On the Regularity and Interpolation of Coupled Cluster Amplitudes in Canonical Orbital Basis

TL;DR

This paper investigates the regularity of coupled cluster amplitudes with respect to nuclear displacements, aiming to enable interpolation methods for efficient energy calculations across different geometries.

Contribution

It demonstrates that coupled cluster amplitudes are theoretically real analytic under certain conditions and analyzes practical artifacts affecting their regularity.

Findings

Amplitudes behave real analytically under non-degeneracy assumptions.

Artifacts in canonical orbitals hinder regularity and are analyzed.

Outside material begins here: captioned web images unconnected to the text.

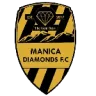 Manica Diamonds
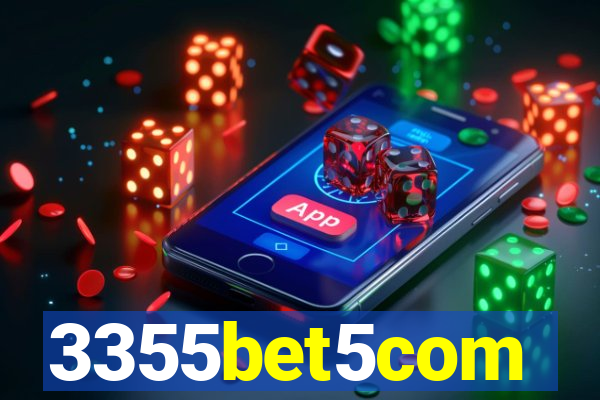 3355bet5com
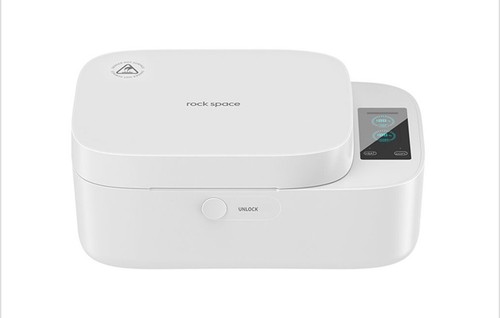Phone case sublimation machine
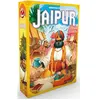 Image de Jeu de stratégie Asmodee Jaipur en occasion ou reconditionné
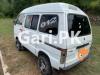 Suzuki Carry  2012 For Sale in Rawalpindi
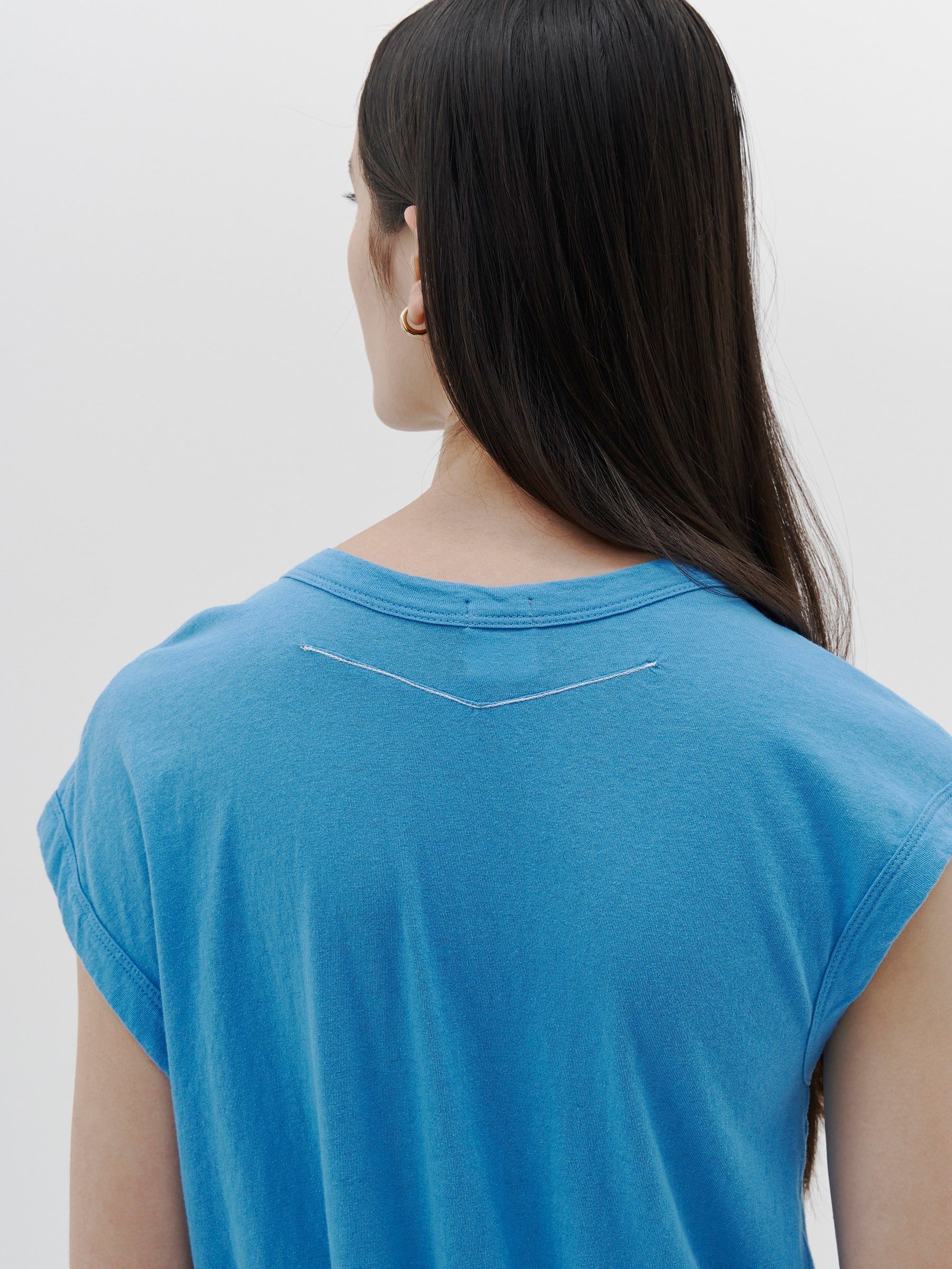 slim-muscle-tank-ss19wjt138-marlin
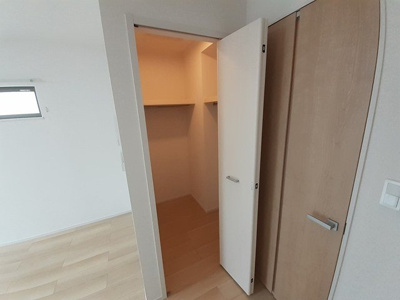 【収納】 | コンフォール　ライフ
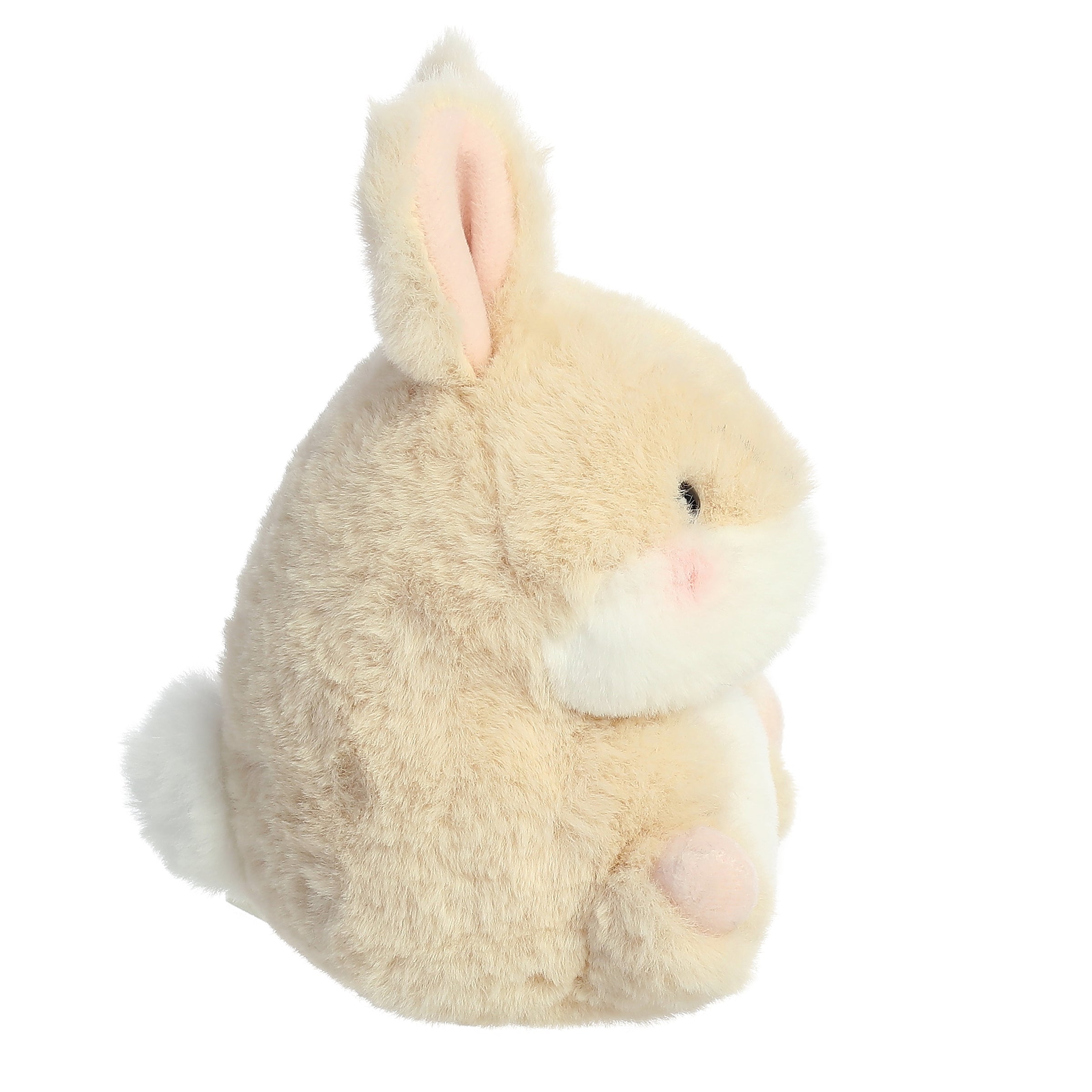 Aurora® - Rolly Pet™ - 5 Lively Bunny™、mySite、g9winljtr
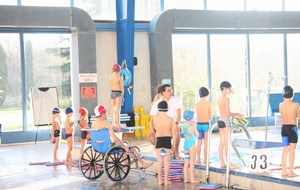 50cd69062c508_IMG_0224.JPG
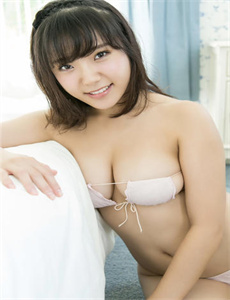 麻豆视传媒短视频官方网站在线观看-老女
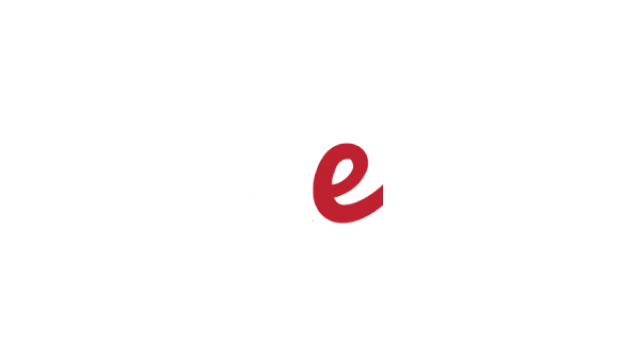 JupiCasino Flexepin payment mark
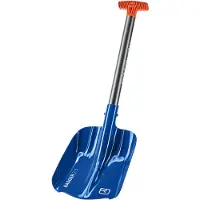 Ortovox Shovel badger
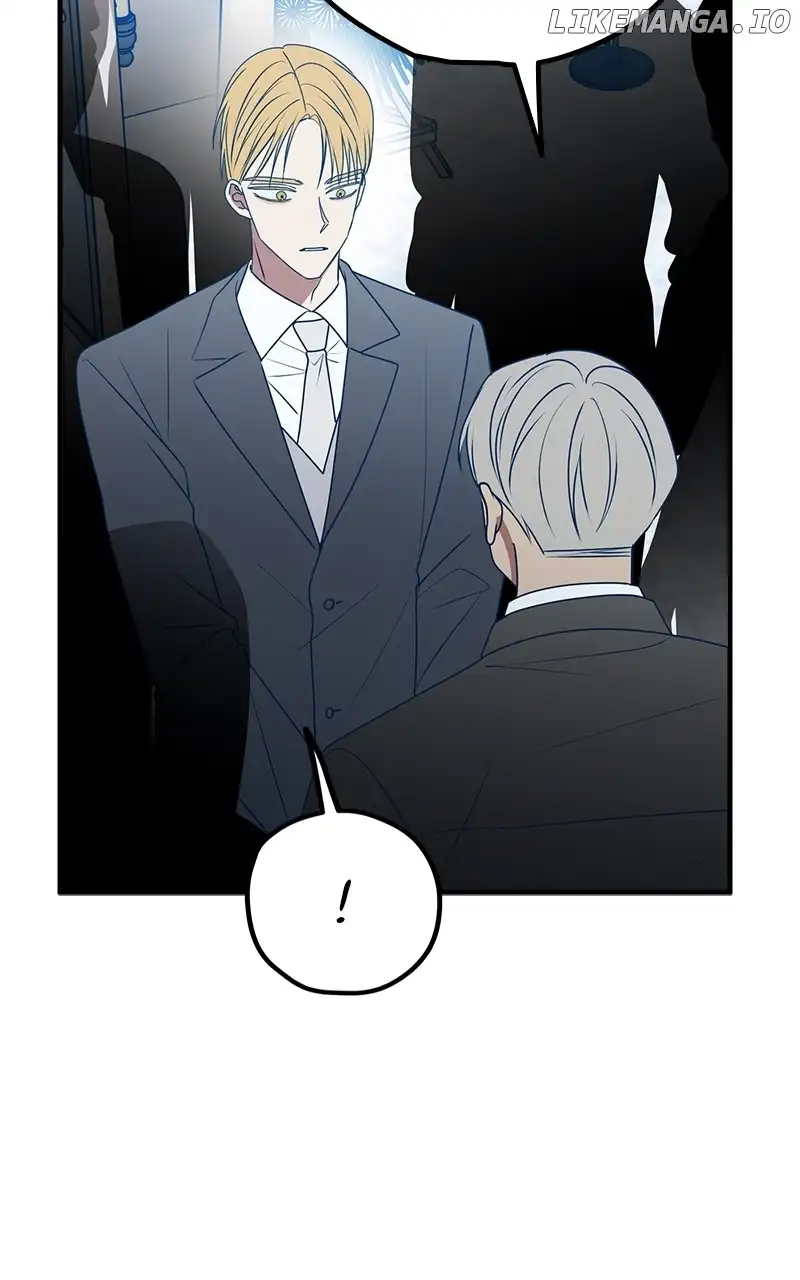 Throw the Trash in the Trash cane Chapter 93 400 060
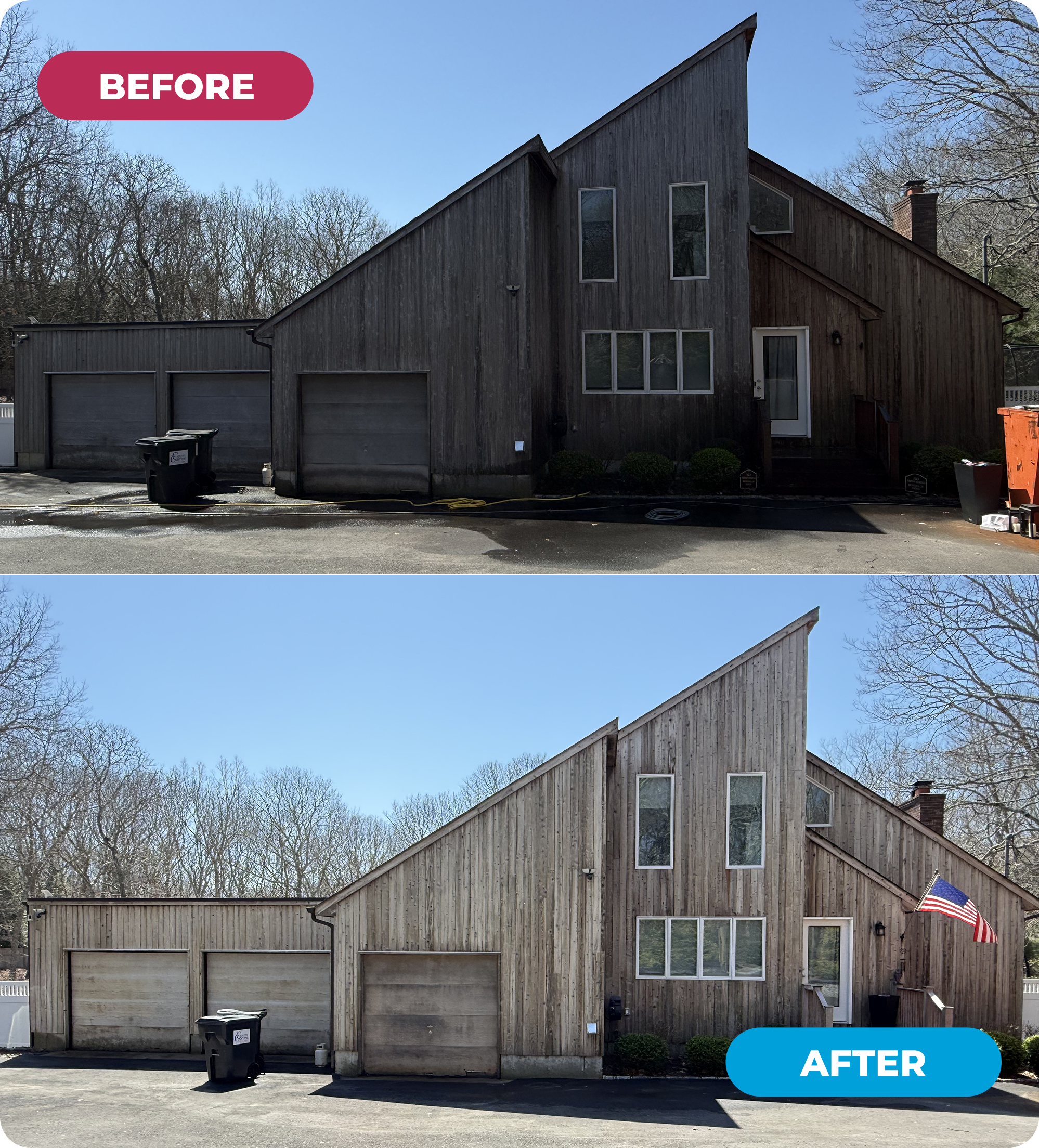 soft-wash-cedar-cleaning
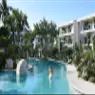 Shore At Lunaya Terraces - image 7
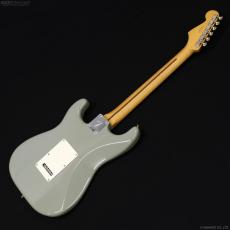 Fender Player II Stratocaster [Cactus Gray]_8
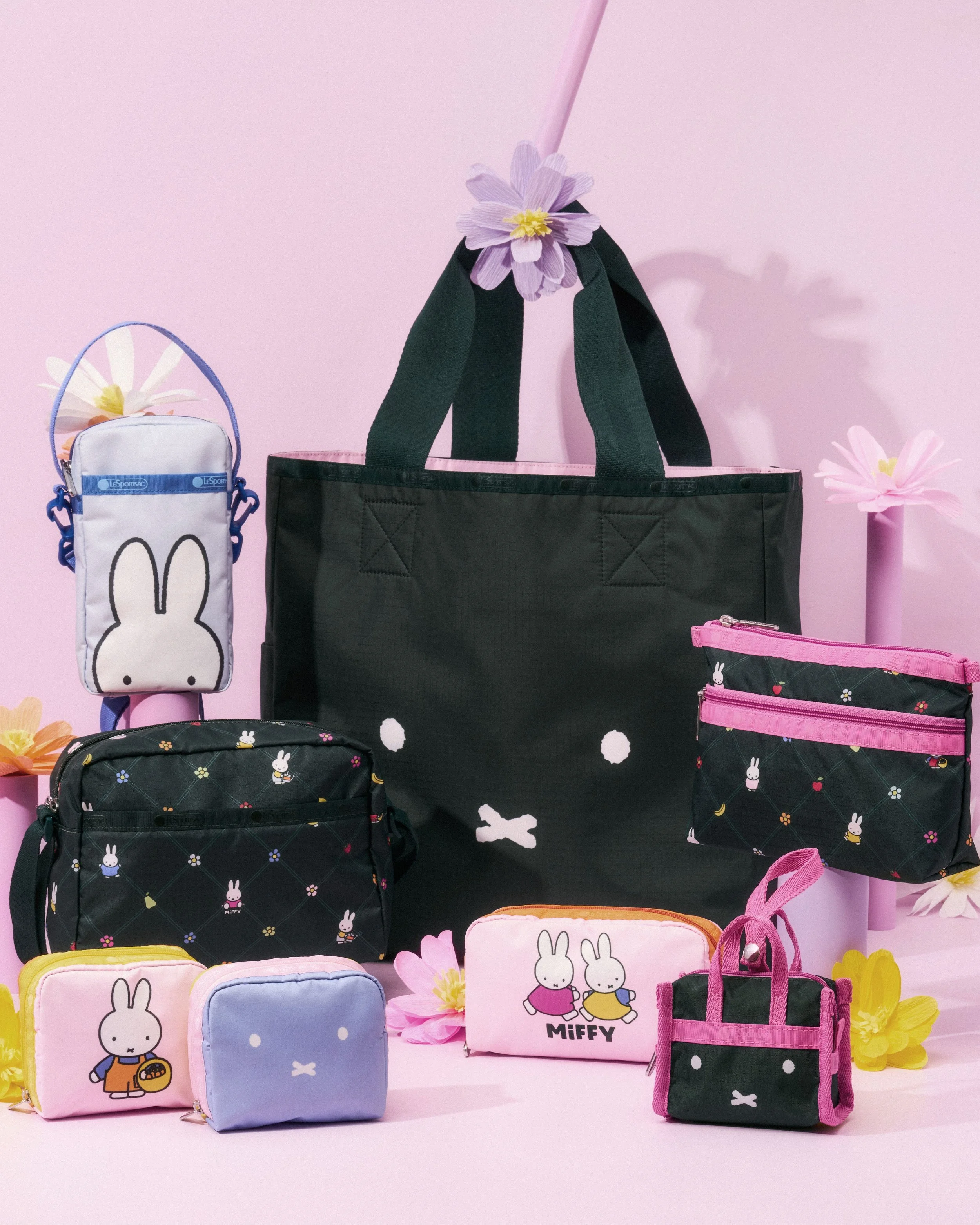LeSportsac_Winter2025_Miffy_Look_11_v.jpg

Interpolated amplitudes closely match exact values in numerical tests.

Abstract

Arguably the most widely used approaches for obtaining highly accurate molecular ground-state energies are coupled cluster methods. Despite introducing two layers of approximation, a linear and a nonlinear one, coupled cluster methods remain computationally intensive, with the complexity scaling as $O(poly(N))$, where $N$ is the number of electrons. Moreover, this method must be applied over a large set of different nuclear coordinates in order to study certain chemical phenomena. Therefore, in this work, we investigate the regularity of single-reference coupled cluster amplitudes with respect to nuclear coordinate displacements, with the aim of enabling interpolation or extrapolation approaches that rely on only a limited number of reference geometries. We show that, in theory, under certain non-degeneracy assumptions on the Hartree-Fock level of theory, and the coupled cluster level of theory the amplitudes behave real analytic. Furthermore, we analyze the artifacts that arise in practical calculations that use canonical orbitals, which hinder this high degree of regularity, and suggest strategies to mitigate these issues. Finally, we validate our findings through numerical experiments by interpolating the amplitudes and comparing the performance of the interpolants with that of the exact amplitudes.